Voglio tornare a camminare, voglio aspettare un volo in ritardo e guardare gli aeroplani che decollano dietro il vetro giallo di un aeroporto.
A ogni immagine seguiva un desiderio e a ogni desiderio però il confine, e la separazione.
All’inizio degli anni settanta Eliane Radigue registra a Parigi i suoi Feedback Works, la definizione che dà di feedback è quella di reiniezione, il termine fa riferimento ai due metodi principali di produzione del suono.
Il primo è il larsen, il disturbo sonoro generato tra amplificatore e microfono. Il secondo è proprio la reiniezione, un segnale mandato in loop tra input e output con due registratori a nastro, uno impostato sulla modalità di registrazione, il secondo su quella di riproduzione. Nell’immagine di copertina del disco, Eliane tiene una grande conchiglia attaccata all’orecchio destro come fa chi vuole ascoltare il rumore del mare quando ormai è lontano dal mare.

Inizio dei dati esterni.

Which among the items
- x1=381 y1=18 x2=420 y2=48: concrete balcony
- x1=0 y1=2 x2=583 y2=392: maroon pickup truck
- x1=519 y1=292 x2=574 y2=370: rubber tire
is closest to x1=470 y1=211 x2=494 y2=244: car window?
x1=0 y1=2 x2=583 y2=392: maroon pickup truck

La stessa volontà che anima chiunque voglia riprodurre il mondo quando il mondo si fa lontano. Non sorprende allora che l’atmosfera generata sia poetica e struggente ma anche esplicitamente oscura.
Esce oggi il Feedback Works di Alessandro Ciccarelli che dedicando il suo disco alla Radigue e ripercorrendone il lavoro, reinterpreta in chiave digitale, con il solo utilizzo del mixer audio, quell’esperienza sonora.
Questo Feedback Works, come l’altro, è un disco che mette al centro l’esperienza, anzi il metodo, e lascia che i suoni si combinino e si mischino come quelli del vento.
Rifiutando qualsiasi definizione e qualsiasi narrazione, Alessandro Ciccarelli dice che ciò che più gli interessa è offrire la possibilità di un’azione personale, come davanti a uno spazio vuoto.
Non c’è nessuna storia se non quella che deve ancora essere raccontata.
Il ritmo circolare e ripetitivo, come quello di alcuni mantra, ci conduce in una dimensione alterata in cui è facile che ascisse e ordinate finiscano per piegarsi e chiudersi in una spirale discendente, senza avere paura della profondità del suono.
Ma i riferimenti più espliciti in Feedback Works, quelli che rendono questo disco un’allegoria, sono alla combinazione forzatamente casuale della composizione che, escludendo qualsiasi melodia ragionata, di nuovo finisce per mimare il mondo nella sua capacità di essere al di là delle intenzioni e di riuscire e rigenerarsi in forme inaspettate e non sempre ospitali.
Il risultato è ipnotico, e la sensazione somiglia a quella dei pensieri mobili che entrano e escono dalla nostra testa senza soluzione, input e output, vento freddo e poi caldo che accelera i passi e muta nel movimento.